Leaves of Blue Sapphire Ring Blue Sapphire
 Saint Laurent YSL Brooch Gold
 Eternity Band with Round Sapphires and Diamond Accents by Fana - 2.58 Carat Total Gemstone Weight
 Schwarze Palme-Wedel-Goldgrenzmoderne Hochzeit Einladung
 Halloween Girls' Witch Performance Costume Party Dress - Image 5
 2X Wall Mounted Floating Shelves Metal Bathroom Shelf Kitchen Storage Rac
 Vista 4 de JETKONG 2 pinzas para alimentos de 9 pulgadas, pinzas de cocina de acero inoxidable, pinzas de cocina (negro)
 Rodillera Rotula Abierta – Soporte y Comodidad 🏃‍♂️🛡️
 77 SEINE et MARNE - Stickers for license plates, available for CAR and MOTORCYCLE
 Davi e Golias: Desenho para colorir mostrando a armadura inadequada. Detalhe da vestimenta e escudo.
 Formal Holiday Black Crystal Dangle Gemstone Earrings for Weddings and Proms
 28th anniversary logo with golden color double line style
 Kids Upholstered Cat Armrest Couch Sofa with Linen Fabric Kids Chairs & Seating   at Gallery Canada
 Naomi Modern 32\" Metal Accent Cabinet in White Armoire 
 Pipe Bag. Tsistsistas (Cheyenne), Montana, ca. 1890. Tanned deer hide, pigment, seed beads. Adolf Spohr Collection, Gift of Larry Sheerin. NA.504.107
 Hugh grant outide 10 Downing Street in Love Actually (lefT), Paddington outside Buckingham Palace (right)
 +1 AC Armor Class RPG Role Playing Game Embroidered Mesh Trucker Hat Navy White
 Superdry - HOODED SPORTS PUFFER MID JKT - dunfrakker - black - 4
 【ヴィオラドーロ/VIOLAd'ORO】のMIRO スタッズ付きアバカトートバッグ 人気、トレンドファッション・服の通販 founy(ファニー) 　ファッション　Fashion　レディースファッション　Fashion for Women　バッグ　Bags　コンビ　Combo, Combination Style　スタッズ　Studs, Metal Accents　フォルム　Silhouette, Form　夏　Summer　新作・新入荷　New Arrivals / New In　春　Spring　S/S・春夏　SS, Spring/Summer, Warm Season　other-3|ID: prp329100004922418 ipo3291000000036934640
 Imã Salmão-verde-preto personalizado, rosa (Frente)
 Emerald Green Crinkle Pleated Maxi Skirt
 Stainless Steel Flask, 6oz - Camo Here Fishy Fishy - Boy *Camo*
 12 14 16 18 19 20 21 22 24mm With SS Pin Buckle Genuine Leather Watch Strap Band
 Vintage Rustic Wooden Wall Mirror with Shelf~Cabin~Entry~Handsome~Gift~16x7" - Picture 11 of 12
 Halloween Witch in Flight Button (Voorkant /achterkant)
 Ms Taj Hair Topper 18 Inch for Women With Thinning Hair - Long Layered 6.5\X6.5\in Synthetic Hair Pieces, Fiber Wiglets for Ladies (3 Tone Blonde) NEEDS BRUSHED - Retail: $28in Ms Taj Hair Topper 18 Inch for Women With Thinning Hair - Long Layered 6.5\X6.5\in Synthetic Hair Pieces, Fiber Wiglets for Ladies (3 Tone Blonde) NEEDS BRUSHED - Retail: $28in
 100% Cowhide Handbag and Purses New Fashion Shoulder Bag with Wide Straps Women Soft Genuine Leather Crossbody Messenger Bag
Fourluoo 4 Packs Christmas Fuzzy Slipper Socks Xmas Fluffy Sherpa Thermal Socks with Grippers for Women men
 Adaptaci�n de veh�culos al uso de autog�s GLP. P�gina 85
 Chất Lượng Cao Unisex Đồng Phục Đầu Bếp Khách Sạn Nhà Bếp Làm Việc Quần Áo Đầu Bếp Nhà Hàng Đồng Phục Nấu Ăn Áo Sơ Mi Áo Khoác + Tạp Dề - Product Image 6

- Problem to work on
Transcribe the records above from the line holding "Davi e Golias: Desenho" down to the line holding "Superdry - HOODED", inclusive, without adding anything.

- Solved problem
 Davi e Golias: Desenho para colorir mostrando a armadura inadequada. Detalhe da vestimenta e escudo.
 Formal Holiday Black Crystal Dangle Gemstone Earrings for Weddings and Proms
 28th anniversary logo with golden color double line style
 Kids Upholstered Cat Armrest Couch Sofa with Linen Fabric Kids Chairs & Seating   at Gallery Canada
 Naomi Modern 32\" Metal Accent Cabinet in White Armoire 
 Pipe Bag. Tsistsistas (Cheyenne), Montana, ca. 1890. Tanned deer hide, pigment, seed beads. Adolf Spohr Collection, Gift of Larry Sheerin. NA.504.107
 Hugh grant outide 10 Downing Street in Love Actually (lefT), Paddington outside Buckingham Palace (right)
 +1 AC Armor Class RPG Role Playing Game Embroidered Mesh Trucker Hat Navy White
 Superdry - HOODED SPORTS PUFFER MID JKT - dunfrakker - black - 4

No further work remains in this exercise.